La tête dans les étoiles - Épisode 71 : Voler sur une autre planète
29/03/2022
Le 18 février 2021, la mission spatiale américaine Perseverance se posait sur Mars, offrant à nous autres terriens, alors confinés par temps de pandémie, une plaisante fenêtre sur un autre monde, certes hostile, mais nous permettant de nous évader d’un quotidien morose.
Conçu sur le même modèle que son prédécesseur Curiosity arrivé sur la planète rouge en 2012, Perseverance est un véhicule autonome monté sur six roues, capable de se déplacer lentement sur la surface martienne et d’en analyser les éléments géologiques les plus intéressants avec son petit laboratoire embarqué. Son but principal est de récolter divers échantillons du sol qu’il laissera derrière lui tel un Petit Poucet robotisé, dans des tubes scellés qu’une mission de récupération viendra ramasser et renvoyer sur Terre d’ici une décennie. En attendant, la star de la mission n’est pas le véhicule lui-même mais Ingenuity, un petit hélicoptère que Perseverance a déposé sur le sol martien peu après son arrivée.
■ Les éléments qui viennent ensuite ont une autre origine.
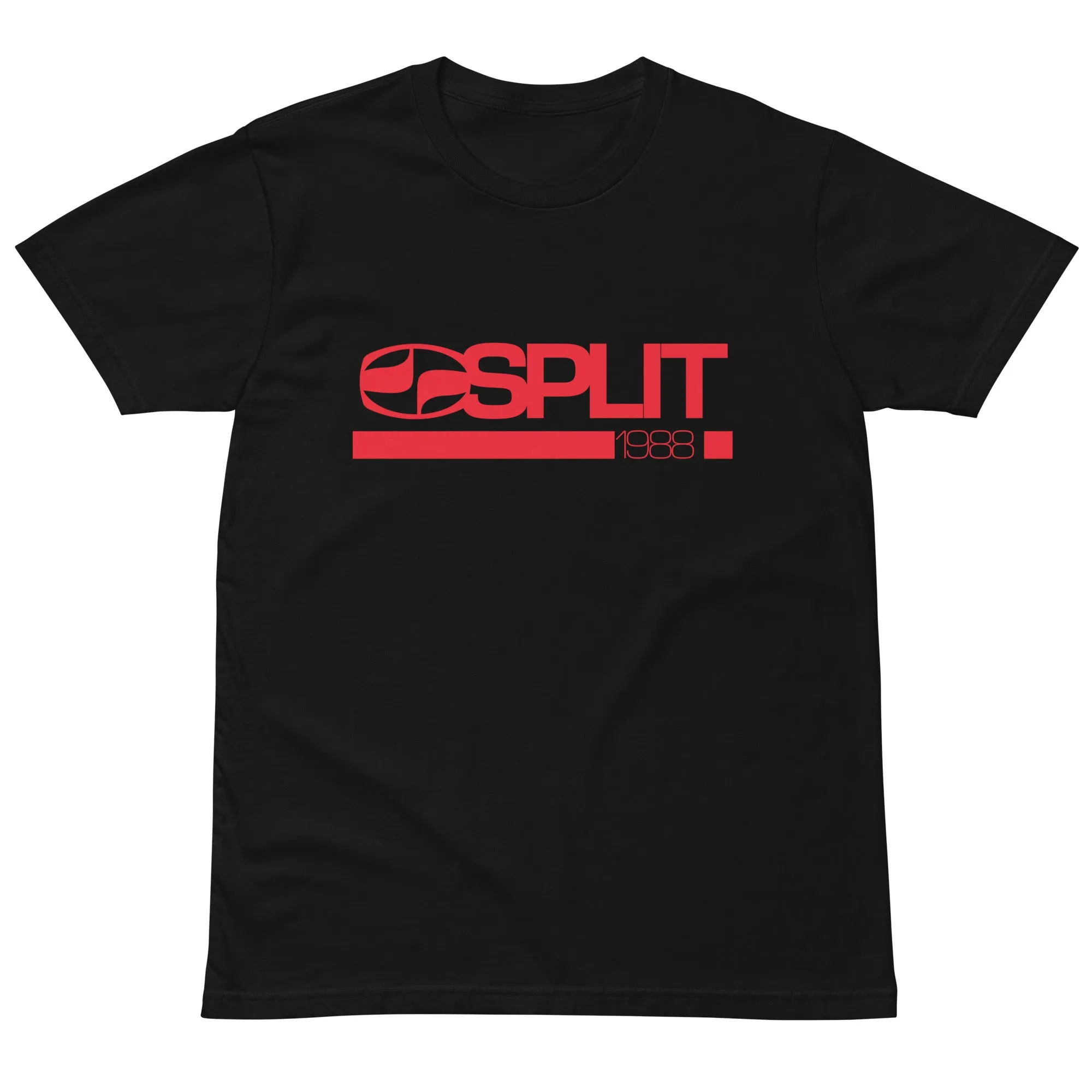 SPLIT 1988 Graphic Tee sold by Burnside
Voler au-dessus du sol martien est un défi complexe. Avec une densité cent fois moindre que sur Terre, l’atmosphère martienne est tellement ténue qu’il est difficile à un engin de s’appuyer dessus pour voler, obligeant l’hélicoptère à être le plus léger possible (moins de 2 kg) tout en faisant tourner ses pales à des vitesses impressionnantes, un processus très gourmand en énergie qui limite drastiquement son autonomie de vol. Ne pouvant être alourdi par des panneaux solaires ou d’imposantes batteries, l’hélicoptère ne recharge que très lentement ces batteries, peu à même de stocker beaucoup d’énergie eu égard à leur faible masse (moins de 300 g). En prime, le froid martien permanent – la température moyenne est de – 60 °C – rend délicate la survie des composants électroniques qui doivent pouvoir être chauffés en permanence grâce à de l’énergie accumulée par les panneaux solaires… réduisant d’autant celle disponible pour le vol. Enfin, la distance qui sépare Mars de la Terre rend impossible tout pilotage d’Ingenuity à distance. C’est donc à l’aide d’un logiciel embarqué totalement autonome que l’hélicoptère doit évoluer, en étant capable de lui-même de gérer tous les nombreux imprévus qui pourraient se présenter à lui.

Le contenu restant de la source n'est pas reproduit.